Renewable Energy Production Surpasses Nuclear in U.S.
In the first quarter of 2011, renewable energy production in the United States surpassed nuclear production in overall quantity and percentage. Also, the percentage of natural gas is growing slowly, while coal is declining.
Entrenched energy industries like to say that renewable energy can never provide a significant amount of U.S. energy needs. And while it’s true that some technologies still face barriers to widespread implementation and others, while technically renewable, might not be very green, renewables as a percentage of U.S. energy generation are creeping up steadily — and not just in California, with its target of 33 percent renewables by 2020.
In the first three months of 2011, renewable energy — hydroelectric, geothermal, solar/PV, wind, and biomass — made up 11.7 percent of the U.S. energy production mix, surpassing nuclear at 11.1 percent. The same period last year, nuclear was 11.6 percent, and renewables 10.6, according to a June report from the U.S. Energy Information Administration (Table 1.2).
“The rise in conventional hydroelectric generation was by far the largest absolute “fuel-specific” increase as it was up 10,759 thousand megawatthours, or 52.2 percent,” according to Electric Power Monthly. This was largely due to heavy spring rains in Washington, Oregon, and California, which accounted for 71.5 percent of the national rise.
However, environmentalists find objectionable the two biggest technologies that make up the renewables sector: hydroelectric power at 35 percent and biomass at 48 percent.
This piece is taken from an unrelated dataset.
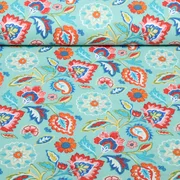 Baumwolle Webware Blumen Boho Eisblau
While large hydroelectric power doesn’t emit emissions (at least not after accounting for the materials and energy expended in building it), it has harmful impacts on river ecosystems and has therefore fallen out of favor as a power source in the developed world.
As for biomass, there are many types of feedstocks, and each much be evaluated individually for its emissions profile, it’s water footprint, and other considerations, such as whether farm fields or forests need that material to decompose in place to retain soil or ecosystem function.
Wind was next highest at 13 percent of renewables, or 1.5 percent of total U.S. energy production, up from 1.1 percent the same time last year.
This represents a 20.4 percent increase from March 2010, and the third-largest fuel-specific increase, according to the report. “Wyoming, California, and Illinois had the largest gains, but the increase was widespread,” it said.
Natural gas plus natural gas plant liquids were 32.9 percent of U.S. production in the first quarter, a bit up over last year (32.7) and 2009 (32.4).
But overall U.S. generation was up 2.0 percent from March 2010 to March 2011, so in spite of small percentage gains, “natural gas-fired generation showed the second-largest increase over March 2010 as it was up 5.0 percent or 3,131 thousand megawatthours,” said the report. “Increased gas-fired generation in Pennsylvania and Ohio accounted for 78.8 percent of the national jump in gas-fired generation.” It would seem the recent hype about shale gas reserves is bearing some fruit — well, some gas.
Coal is declining, with 29 percent the first quarter of 2011, down from 29.4 percent the same time last year, and 31.1 percent during the same period in 2009.